Form and Content
Afternoon of the Elves is that rarity in children’s literature—a delicate and complex psychological study of characters and relationships presented in a swift-moving, lively, and intriguing plot. The story focuses on the friendship between the sweet but unremarkable Hilary and Sara-Kate, whose unkempt appearance, temperamental personality, and mysterious family background have made her a social outcast at the suburban school that they both attend. Through her stories of elves and elfin ways, Sara-Kate introduces Hilary to the world of fantasy and magic; through her mercurial moods and secretive ways, she gives Hilary a glimpse of the ambiguities of human nature. When Sara-Kate’s tragic family circumstances are revealed, she opens Hilary’s eyes to the world beyond Hilary’s own carefully controlled and circumscribed family life.
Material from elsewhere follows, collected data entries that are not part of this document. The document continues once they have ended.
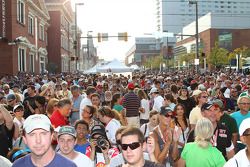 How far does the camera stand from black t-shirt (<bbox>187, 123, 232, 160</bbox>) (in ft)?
21.0

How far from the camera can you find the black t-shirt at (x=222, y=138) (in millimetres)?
6391

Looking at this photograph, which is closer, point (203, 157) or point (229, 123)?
point (203, 157)

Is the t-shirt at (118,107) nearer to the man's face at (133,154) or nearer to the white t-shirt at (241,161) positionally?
the white t-shirt at (241,161)

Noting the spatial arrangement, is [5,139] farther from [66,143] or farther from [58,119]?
[66,143]

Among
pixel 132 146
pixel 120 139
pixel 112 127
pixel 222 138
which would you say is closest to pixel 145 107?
pixel 112 127

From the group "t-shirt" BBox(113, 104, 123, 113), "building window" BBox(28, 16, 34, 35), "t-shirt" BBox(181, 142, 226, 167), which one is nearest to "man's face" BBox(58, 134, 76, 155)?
"t-shirt" BBox(181, 142, 226, 167)

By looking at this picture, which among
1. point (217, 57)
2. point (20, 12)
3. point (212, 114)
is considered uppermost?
point (20, 12)

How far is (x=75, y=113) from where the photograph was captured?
36.8ft

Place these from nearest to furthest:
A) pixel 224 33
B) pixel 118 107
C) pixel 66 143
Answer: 1. pixel 66 143
2. pixel 118 107
3. pixel 224 33

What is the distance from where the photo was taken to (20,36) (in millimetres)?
36312

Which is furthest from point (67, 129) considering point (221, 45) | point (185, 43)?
point (185, 43)

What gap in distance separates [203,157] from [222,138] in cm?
120

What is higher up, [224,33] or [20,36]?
[224,33]

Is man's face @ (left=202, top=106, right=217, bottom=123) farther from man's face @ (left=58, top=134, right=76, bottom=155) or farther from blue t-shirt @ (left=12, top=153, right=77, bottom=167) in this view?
blue t-shirt @ (left=12, top=153, right=77, bottom=167) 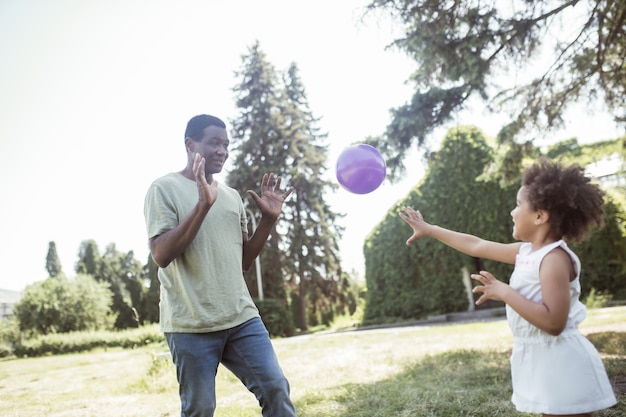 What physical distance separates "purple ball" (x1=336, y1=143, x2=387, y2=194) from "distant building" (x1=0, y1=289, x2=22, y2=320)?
79.1 ft

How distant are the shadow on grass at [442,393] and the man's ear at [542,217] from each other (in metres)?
2.00

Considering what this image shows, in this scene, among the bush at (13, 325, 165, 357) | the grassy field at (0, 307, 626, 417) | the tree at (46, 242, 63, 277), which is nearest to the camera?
the grassy field at (0, 307, 626, 417)

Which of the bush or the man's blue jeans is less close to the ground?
the man's blue jeans

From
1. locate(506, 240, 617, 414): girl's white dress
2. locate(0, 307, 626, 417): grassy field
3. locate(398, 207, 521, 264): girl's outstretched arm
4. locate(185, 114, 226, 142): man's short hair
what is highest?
locate(185, 114, 226, 142): man's short hair

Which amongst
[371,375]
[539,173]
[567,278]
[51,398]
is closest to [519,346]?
[567,278]

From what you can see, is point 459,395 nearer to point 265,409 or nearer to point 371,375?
point 371,375

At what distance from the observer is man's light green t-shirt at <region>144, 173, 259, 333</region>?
230 cm

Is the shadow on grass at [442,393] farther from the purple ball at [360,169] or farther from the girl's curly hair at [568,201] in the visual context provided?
the girl's curly hair at [568,201]

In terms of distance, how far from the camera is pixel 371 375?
5.77 meters

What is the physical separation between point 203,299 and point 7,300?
3439 cm

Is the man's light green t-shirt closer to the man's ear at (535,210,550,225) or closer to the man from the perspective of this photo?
the man

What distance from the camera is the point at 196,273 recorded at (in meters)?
2.35

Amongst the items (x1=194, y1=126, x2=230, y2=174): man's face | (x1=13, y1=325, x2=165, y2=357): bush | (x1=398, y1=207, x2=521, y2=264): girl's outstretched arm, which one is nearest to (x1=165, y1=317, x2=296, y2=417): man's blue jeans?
(x1=194, y1=126, x2=230, y2=174): man's face

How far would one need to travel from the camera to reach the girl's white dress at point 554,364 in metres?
1.83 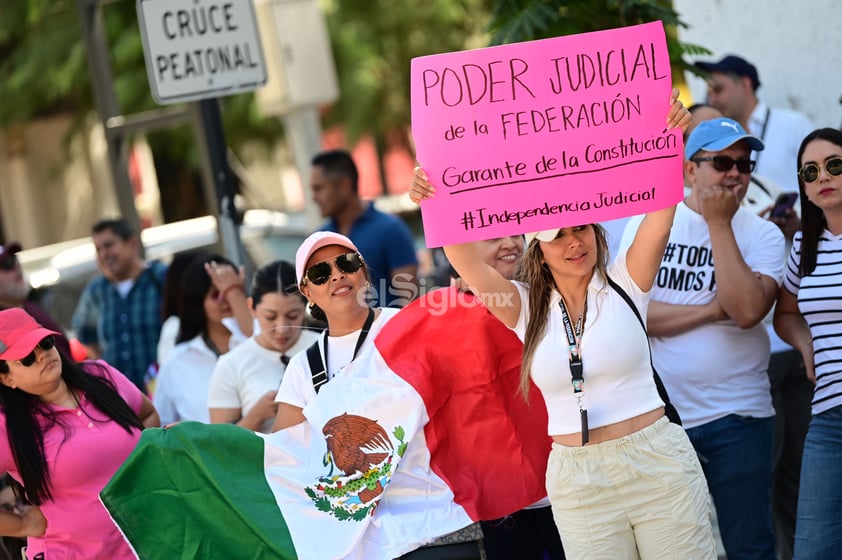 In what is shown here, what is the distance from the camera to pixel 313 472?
502 cm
Sara-Kate initiates the friendship by inviting Hilary, her next-door neighbor, to look at an “elf village”—a collection of tiny houses made from sticks and leaves in a corner of her backyard. Hilary is immediately intrigued and listens eagerly to Sara-Kate’s explanations of how the elves live. Hilary’s two best friends, Jane and Alison, frown on this new friendship. They mock Sara-Kate’s shabby clothes and scoff at the talk of elves. Hilary’s highly conventional parents also express uneasiness at their daughter spending time in her new friend’s junk-strewn, poison ivy-infested backyard.